Ma passiamo a Riccardino. Ma dimmi ‘Ndria, come ti venne in mente quella telefonata assurda al commissario? Quale telefonata? Ma quella che Riccardino gli fece quella mattina prima di morire ammazzato. Gli disse, quel, poveretto, che gli dava appuntamento davanti al bar, ma Montalbano non rispose che si era sbagliato, invece, disse che ci sarebbe stato. Esatto? Si? Bene, ma allora al Commissario Montalbano perché gli fai fare l’ipotesi che Riccardino abbia telefonato di nascosto dei suoi amici facendo un numero registrato già sul suo telefonino? Ma questa operazione non poteva farla perchè, il numero del commissario non era nella memoria del suo telefonino; ma per chiamare, l’avrebbe dovuto comporlo digitandolo. Eppò, picchì sta maliritta tilifunata alli settimatinati? Quindi, come la mettiamo?

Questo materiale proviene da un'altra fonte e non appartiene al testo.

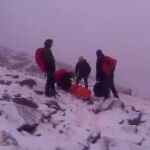Momento del rescate del fallecido en Gredos/@guardiacivil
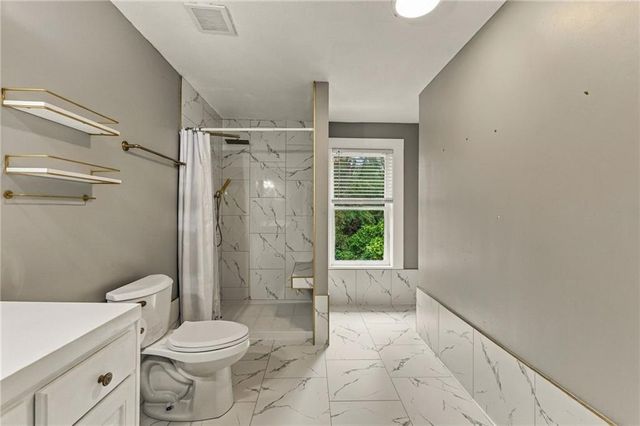 1432 W Walnut Street, Independence, MO 64050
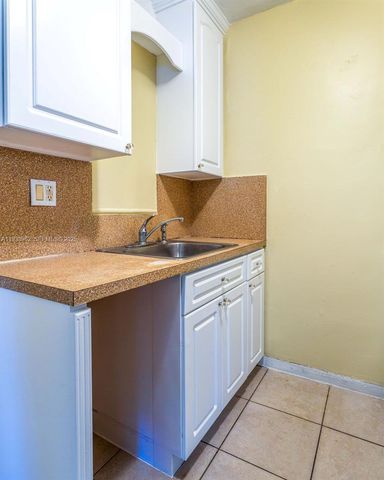 1265 NE 142nd St, North Miami, FL 33161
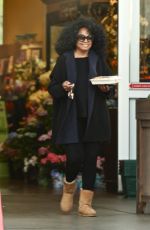 DIANA ROSS at Bristol Farms in Beverly Hills 05/13/2016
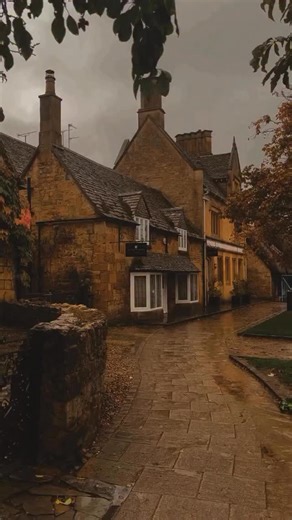 The Cotswolds 🏴󠁧󠁢󠁥󠁮󠁧󠁿 Here’s another beautiful reel of the Cotswolds for you to enjoy! We currently have lots of colourful leaves falling from trees around the Cotswolds. Do you love Autumn? We do. 🎃🍂🍃 Beautiful reel captured by Matt. Tag someone to explore this place 🍁🎃🍂 If you like what you see and love the Cotswolds. Please consider following us at @Cotswolds_Culture today! 📸 Reel By: Matt @cotswoldswithmatt ☀️ #Cotswolds_Culture To Feature! 🏡 🧡 We Hope You Enjoy Your Stay Her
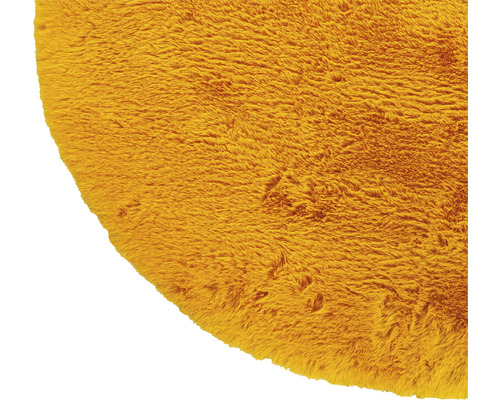 Detaliu al unui covor rotund cu fibre lungi.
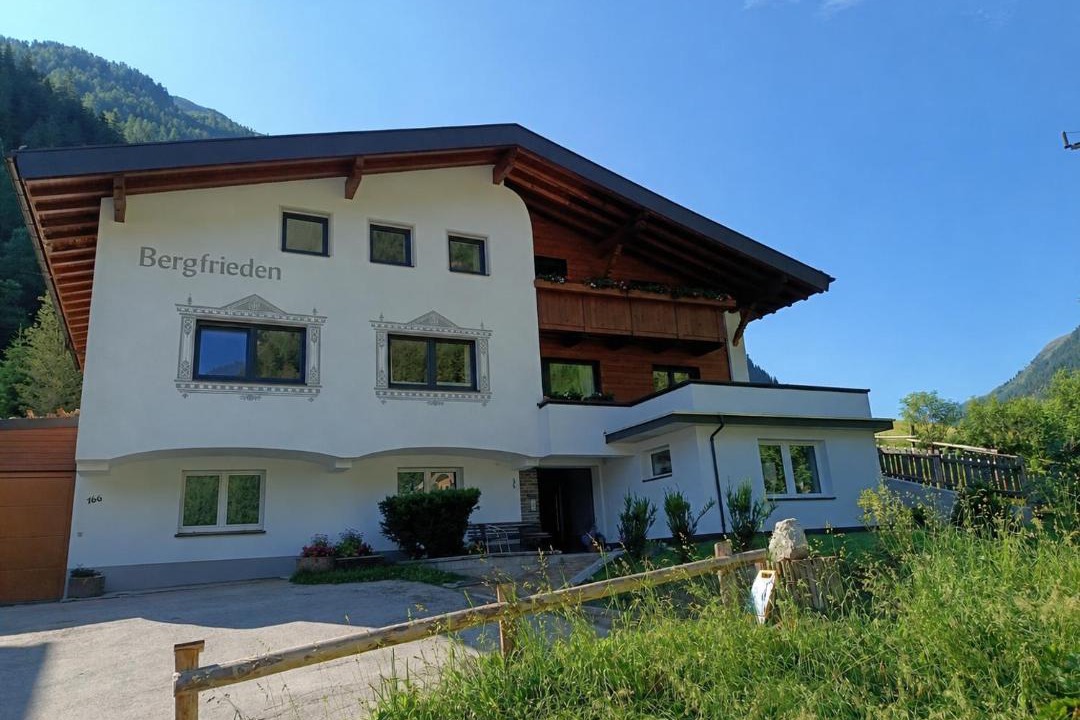 Photo of Others in Feichten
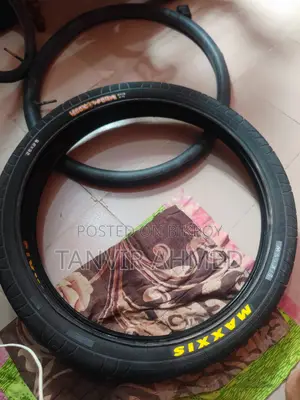 ম্যাক্সিস হুকওয়ার্ম টায়ার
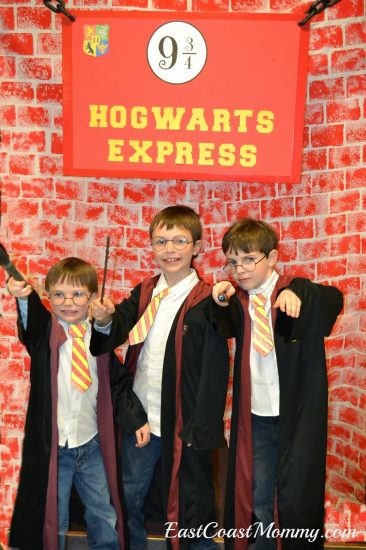 15 Ideas For A Hosting A Harry Potter Party Make And Takes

E le corna collettive? Dove li metti? Ma ti sembra normale che, in Sicilia, ci siano, contemporaneamente, tre mariti cornuti (intimi amici, per altro, col cornuficatore) e tre moglie “buttane”, con una quarta consenziente?
E questo matrimonio strano, cervellotico, pirandelliano, fatto da Riccardino, sposando una donna scialba per avere mano libera per le sue future avventure di pilu? Ma ti sembra logico imbarcarsi con una racchia per godere dei favori futuri di altre fimmini? Ma stu Riccardinu chi è scemu di guerra?

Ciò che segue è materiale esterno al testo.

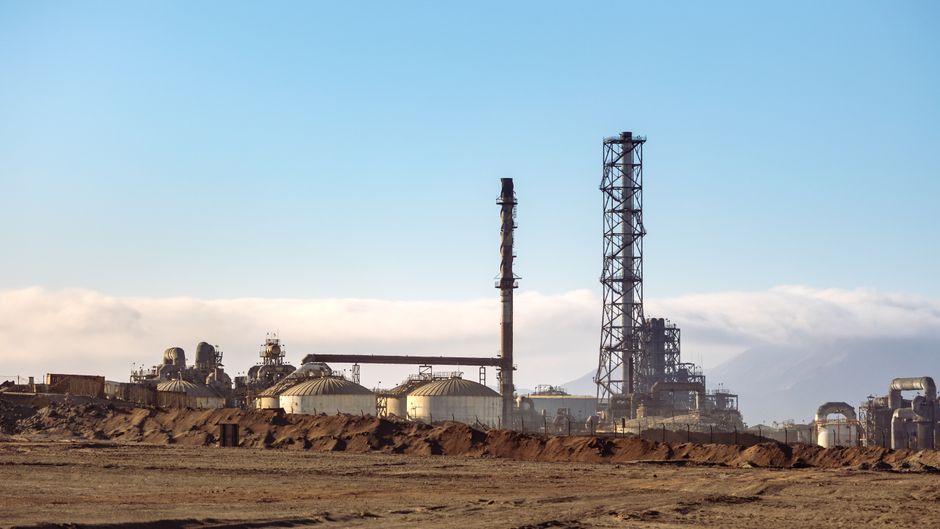 Industrial refinery complex in a desert setting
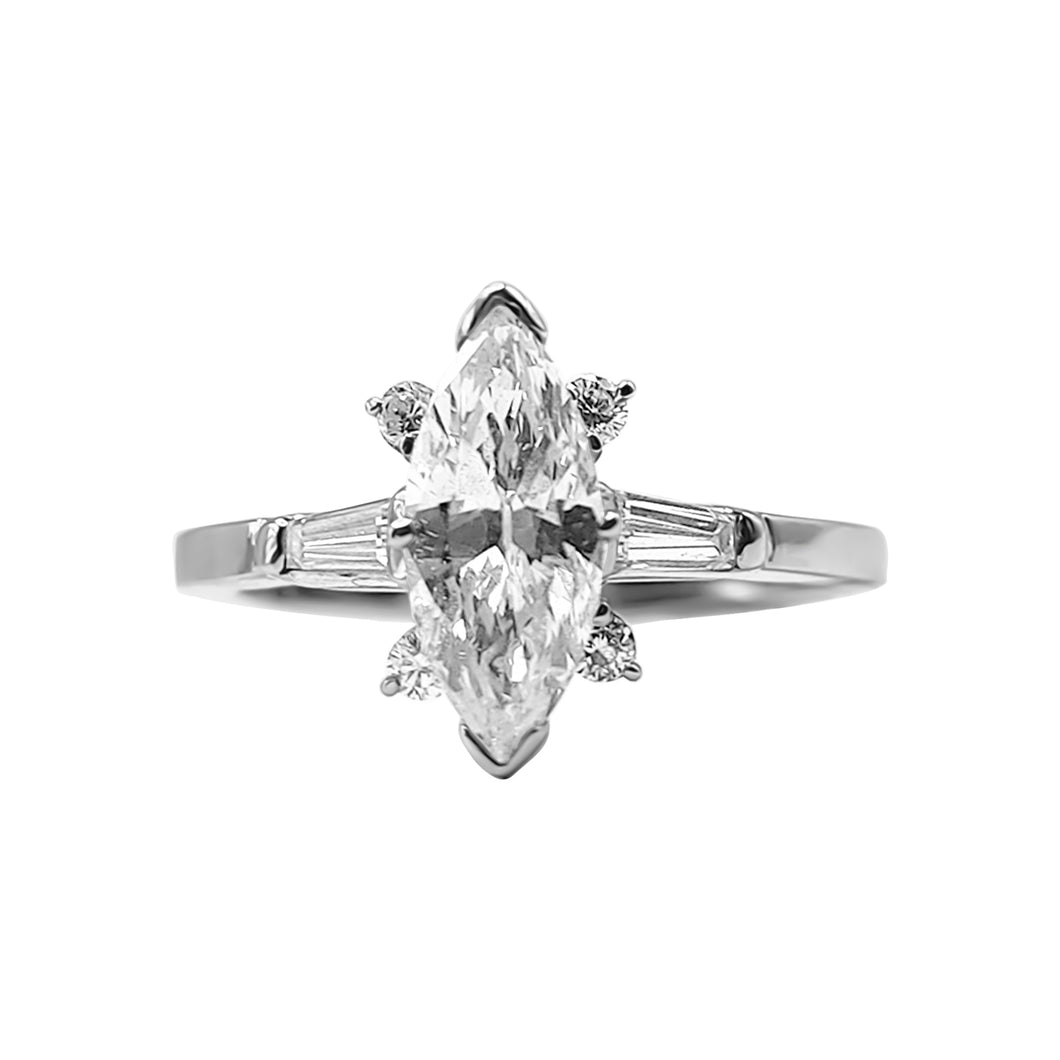 Anillo de Diamante Marquise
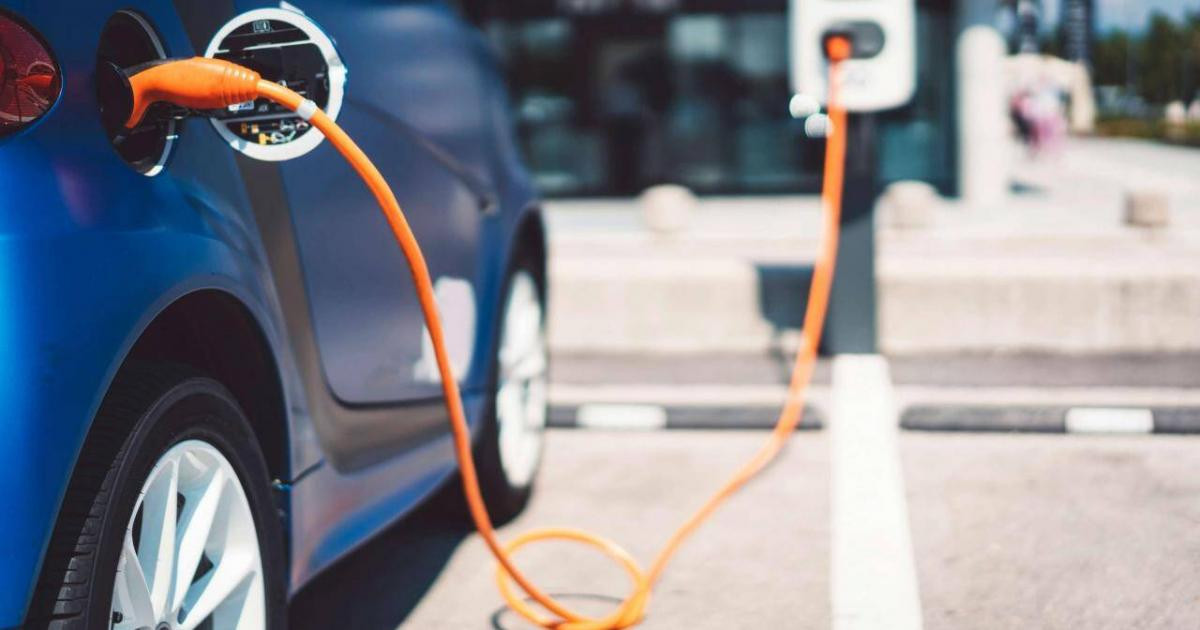 Doanh số bán ô tô ở châu Âu giảm 24% nhưng tiêu thụ xe điện tăng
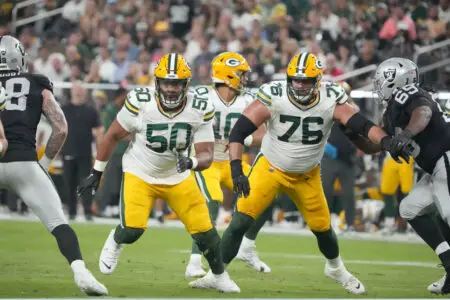 Green Bay Packers Zach Tom dominates Micah Parsons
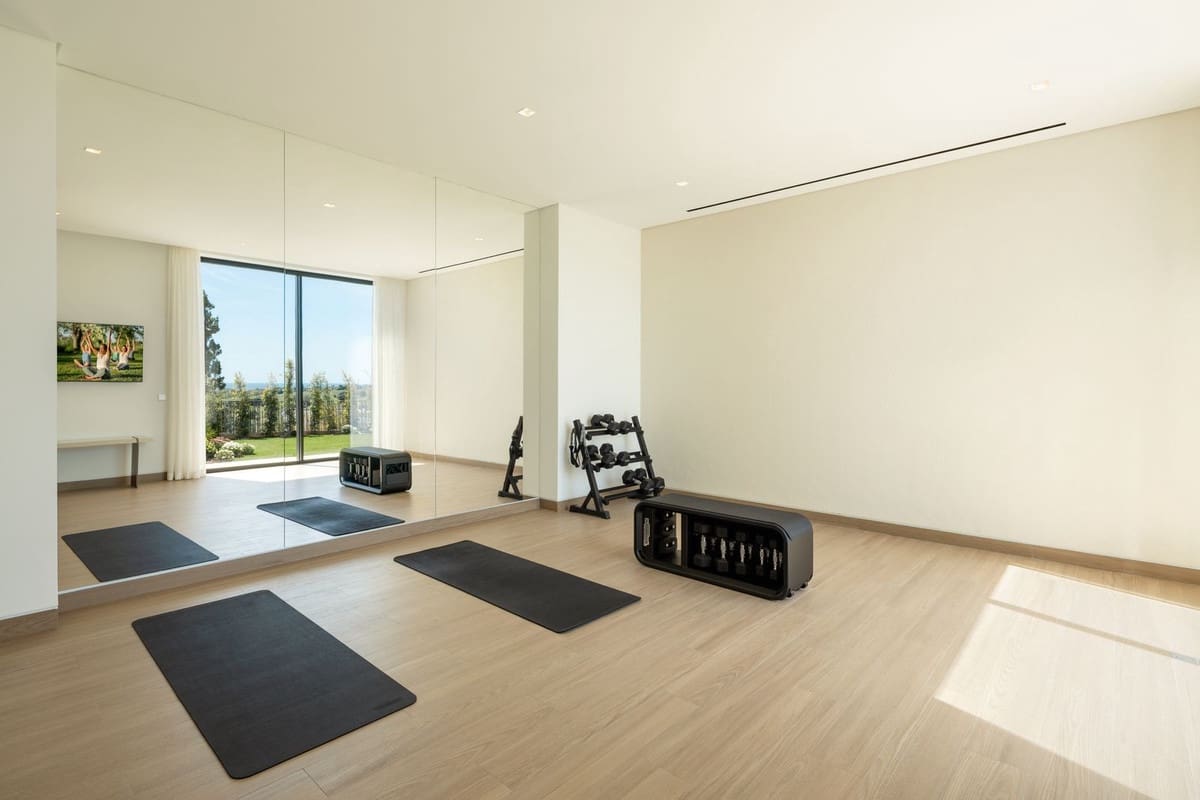 6 bedroom Villa for sale in Benahavis with pool - € 5,750,000 (Ref: 8979180)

E il piscopo, che ruolo ha nell’economia del romanzo? Solo per bacchettare il clero? Per segarti qualche corno? Ma via, non mi pari tu! Forse volevi ingarbugliare i fatti e sviare il lettore? Si? Ah, bene.
E il vigilante killer? Inverosimile che facesse il vigilante nel complesso dove abitava Riccardino, per “controllarlo”, anche perché questi era parente della moglie della vittima, la quale poteva essere benissimo la mandante del delitto del marito. E poco convincente anche la mazzata che dette al commissario: Per qual motivo proprio lì in casa della moglie della vittima? Poi, lui, grande e grosso qual era, come potette temere e, quindi far passare, una specie di malandrinetto che lo sfidò malamente all’ingresso del complesso, senza mollargli una santa tumbulatuna che gli facesse fare tre giri di valzer?

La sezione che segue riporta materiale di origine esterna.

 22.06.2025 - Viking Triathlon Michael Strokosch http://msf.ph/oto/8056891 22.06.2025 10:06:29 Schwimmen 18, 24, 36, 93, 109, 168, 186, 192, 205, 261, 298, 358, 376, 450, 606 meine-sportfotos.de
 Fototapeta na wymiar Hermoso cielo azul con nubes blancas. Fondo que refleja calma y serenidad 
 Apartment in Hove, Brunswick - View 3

E il Mafioso di turno? (mamma mia, ancora mafia e droga) che cosa lo spinge a fare, eventualmente, uccidere Riccardino, dal quale aveva ricevuto un sostanzioso finanziamento per comprare droga? A gelusia p’a russa? Poco credibile. A meno che, come al solito, a causa della lingua, non ci abbia capito nulla sul movente dell’assassinio.( Ma, a proposito del prestito, non sono i mafiosi che hanno tanto denaro disponibile da smaniare per riciclarlo?)  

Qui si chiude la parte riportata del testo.